Hikers, bicyclists, horseback riders and cross-country skiers can enjoy some of Waterfall Glen’s most scenic areas via four mapped trails containing almost 11 miles of limestone- and turf-covered routes. Visitors on foot can explore the narrow, unmarked footpaths that crisscross through Waterfall Glen but should remember that these paths are not on the map and may not connect with mapped trails. To protect Waterfall Glen’s sensitive natural areas, bicyclists may ride only on designated bike trails.
Horseback riders should park their trailers in designated spots at the trailhead on Northgate Road; parking is not allowed at the Lemont Road lot. Riding is not allowed in developed recreational areas, such as the youth group campground.
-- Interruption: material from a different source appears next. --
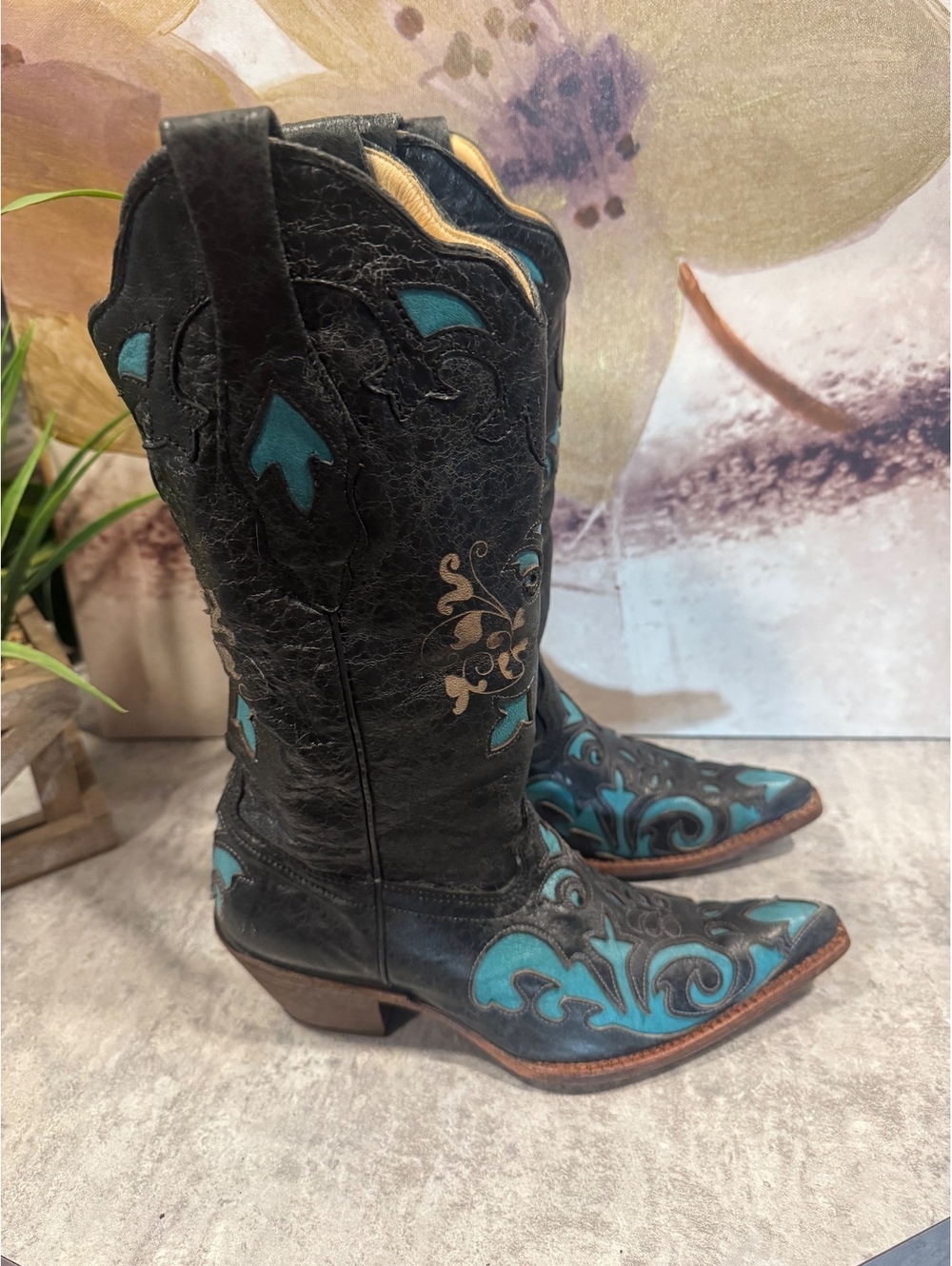 Corral Boots black and turquoise cowboy boots with floral design, size 6.5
When conditions permit, rangers groom trails for cross-country skiing. Classical-style skiers should use the set tracks on the outside of the trail, leaving the inside for freestyle skiers and other trail users.
Several old quarries scattered throughout the preserve offer still fishing waters.
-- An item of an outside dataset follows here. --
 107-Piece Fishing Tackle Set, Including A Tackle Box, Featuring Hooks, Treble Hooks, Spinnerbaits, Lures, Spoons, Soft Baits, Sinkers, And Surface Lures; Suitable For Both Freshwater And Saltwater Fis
Anglers 16 or older who are not legally disabled must carry valid Illinois fishing licenses. Creel limits, minimum lengths and other regulations are on our Fishing page.
A permanently marked course is in Waterfall Glen near the trailhead. Learn how to navigate through the outdoors with a map and a compass.
● Beginner Map (PDF)
● Beginner Long Map (PDF)
● Beginner Map and Basic Introduction to Orienteering (PDF)
● Intermediate Map (PDF)
● Advanced Map (PDF)
A large open field in the southwest section of Waterfall Glen is a popular spot for local model aircraft enthusiasts. For information on access to this area and use by qualified clubs, contact Visitor Services at 630-933-7248.
Waterfall Glen's youth-group campground has two sites that can each accommodate up to 24 campers.
The campground is open year-round but is for the exclusive use of youth groups, which are defined as recognized, nonprofit organizations whose members are 17 or younger. Only members of qualifying groups with their accompanying leaders may camp here.
Long before Jacques Marquette and Louis Joliet paddled their way through the Des Plaines River Valley in the mid-1600s, American Indians were living along the surrounding limestone bluffs, including today’s Signal Hill, which served as a communications vantage point.
By the late 1800s, though, the Ward Brothers’ mill was turning out lumber on Sawmill Creek, and Edwin Walker’s three quarries were yielding tons of quality Lemont, or Joliet, limestone for projects like the landmark Chicago Avenue Water Tower and Pumping Station. In 1907, the Lincoln Park Commission, a predecessor of the Chicago Park District, had its own 107 acres with a small nursery and a considerable supply of topsoil, which it used to fill in the shoreline along Lake Michigan to create the Lincoln Park area.
In 1925, the Forest Preserve District purchased its first 75 acres at Waterfall Glen, the Signal Hill and Rocky Glen areas. Rocky Glen soon became the site of the preserve’s well-known tiered falls, which the Civilian Conservation Corps built in the 1930s. In 1973, the preserve got its single largest addition — more than 2,200 acres of surplus land from the U.S. Bureau of Outdoor Recreation. That same year, the District named the site Waterfall Glen Forest Preserve, not after the familiar falls but in honor of Seymour “Bud” Waterfall, an early president of the District’s Board of Commissioners.